The proportional structure of the entire complex is based on a series of squares and four circles. Three circles of equal radius generate the profiles of the three concrete shells that, together with the spine-wall, make up the body of the nave. Glazed skylights suspended between the shells are lit by zenithal sidelight, and the nave is enlivened by a constantly changing pattern of light and shade. The light is diffused over the inner volume of the church and varies according to the hour, the weather, and the season, imparting a particular character to the aspects of the interior.

Museo dell’Ara Pacis

Lungotevere in Augusta corner to via Tomacelli, Rome, Italy

Museum of the Ara Pacis is situated on the bank of the Tiber River, located on the western edge of the Piazza Augusto Imperatore. It is designed as a renewed space by architect Richard Meier to house the Ara Pacis, a sacrificial altar dating to 9 B.C.
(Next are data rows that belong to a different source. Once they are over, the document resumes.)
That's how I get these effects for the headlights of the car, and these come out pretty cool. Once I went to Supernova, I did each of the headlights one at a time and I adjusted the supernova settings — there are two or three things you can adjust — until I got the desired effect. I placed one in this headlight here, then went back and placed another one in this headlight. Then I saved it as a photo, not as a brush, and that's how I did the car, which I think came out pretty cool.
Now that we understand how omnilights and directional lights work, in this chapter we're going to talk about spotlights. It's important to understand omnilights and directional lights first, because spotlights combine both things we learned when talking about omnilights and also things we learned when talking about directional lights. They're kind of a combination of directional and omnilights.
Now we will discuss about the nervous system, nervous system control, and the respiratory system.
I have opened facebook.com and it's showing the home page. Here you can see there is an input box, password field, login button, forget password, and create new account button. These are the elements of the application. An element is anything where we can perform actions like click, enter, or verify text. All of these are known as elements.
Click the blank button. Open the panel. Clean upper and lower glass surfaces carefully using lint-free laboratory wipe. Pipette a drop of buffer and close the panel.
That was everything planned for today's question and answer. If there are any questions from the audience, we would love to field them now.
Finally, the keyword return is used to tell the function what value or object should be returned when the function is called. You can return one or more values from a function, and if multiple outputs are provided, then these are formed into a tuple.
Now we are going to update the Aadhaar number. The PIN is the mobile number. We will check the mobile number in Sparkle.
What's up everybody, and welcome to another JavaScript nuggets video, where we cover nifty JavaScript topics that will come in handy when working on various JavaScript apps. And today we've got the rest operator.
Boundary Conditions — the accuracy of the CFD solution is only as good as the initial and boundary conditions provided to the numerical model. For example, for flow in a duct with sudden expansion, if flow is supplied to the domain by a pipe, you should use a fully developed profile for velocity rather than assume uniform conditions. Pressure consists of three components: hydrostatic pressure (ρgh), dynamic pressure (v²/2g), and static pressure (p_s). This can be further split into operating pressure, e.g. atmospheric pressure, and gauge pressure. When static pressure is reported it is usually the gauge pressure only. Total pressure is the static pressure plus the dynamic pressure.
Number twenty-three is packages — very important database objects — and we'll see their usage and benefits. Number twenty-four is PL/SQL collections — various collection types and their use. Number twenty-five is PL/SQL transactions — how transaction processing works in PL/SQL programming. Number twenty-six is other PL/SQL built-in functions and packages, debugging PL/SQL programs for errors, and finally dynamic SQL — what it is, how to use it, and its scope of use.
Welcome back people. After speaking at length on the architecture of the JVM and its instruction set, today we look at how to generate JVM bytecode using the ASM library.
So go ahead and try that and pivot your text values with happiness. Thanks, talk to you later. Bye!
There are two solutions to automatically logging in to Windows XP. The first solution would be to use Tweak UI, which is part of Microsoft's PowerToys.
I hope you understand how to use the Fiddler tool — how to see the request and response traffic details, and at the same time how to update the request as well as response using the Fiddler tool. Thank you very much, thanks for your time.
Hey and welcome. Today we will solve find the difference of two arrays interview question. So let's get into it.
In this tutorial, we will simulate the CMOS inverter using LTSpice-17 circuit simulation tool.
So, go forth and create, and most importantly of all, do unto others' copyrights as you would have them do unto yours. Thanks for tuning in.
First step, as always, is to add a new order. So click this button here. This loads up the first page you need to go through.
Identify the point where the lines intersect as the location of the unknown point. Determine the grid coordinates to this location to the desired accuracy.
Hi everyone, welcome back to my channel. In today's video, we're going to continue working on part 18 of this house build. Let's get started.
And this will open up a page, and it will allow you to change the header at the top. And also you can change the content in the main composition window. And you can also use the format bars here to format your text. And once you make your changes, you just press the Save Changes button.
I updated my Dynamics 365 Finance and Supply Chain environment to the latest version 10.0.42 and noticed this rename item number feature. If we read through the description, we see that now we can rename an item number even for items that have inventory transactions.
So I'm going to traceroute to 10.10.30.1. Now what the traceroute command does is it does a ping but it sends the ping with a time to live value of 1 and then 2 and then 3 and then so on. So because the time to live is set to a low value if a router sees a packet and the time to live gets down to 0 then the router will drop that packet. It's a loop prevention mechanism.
The structure consists of a long, single-story glazed loggia elevated above a shallow podium providing a transparent barrier between the embankment of the Tiber and the existing circular perimeter of the mausoleum of Augustus, built circa 28 B.C. The clarity of the volumes and the building’s proportions relate in scale to Rome’s ancient structures. A predominating feature of the new building is a glass curtain wall measuring 150 feet long and 40 feet high. The asymmetrical entry hall, defined by seven slender columns in reinforced concrete finished with white waxed marble plaster, leads to the main hall, which houses the Ara Pacis. The contrast between the subdued lighting of the entrance space and the expansive top-lit and rigorously symmetrical main hall encourages a naturally progressive circulation. The roof over the main hall rests on four columns with skylights to maximize natural lighting and to eliminate “false shadows.” Outside the main structure, a low travertine wall extending from within the main hall traces the ancient shore of the Tiber River. The travertine comes from the same quarry as the stone that was used to build the Piazza of the Emperor Augustus in the Thirties.  

Although housing and protecting the ancient altar was the main focus of this museum, the building also provides space for temporary exhibitions and installations dedicated to archaeological themes and a state-of-the-art digital library of Augustan culture. An outdoor roof terrace above the auditorium functions as an essential part of the circulation of the museum and includes a contiguous bar and café with views over the Mausoleum of Augustus to the east and the Tiber River to the west.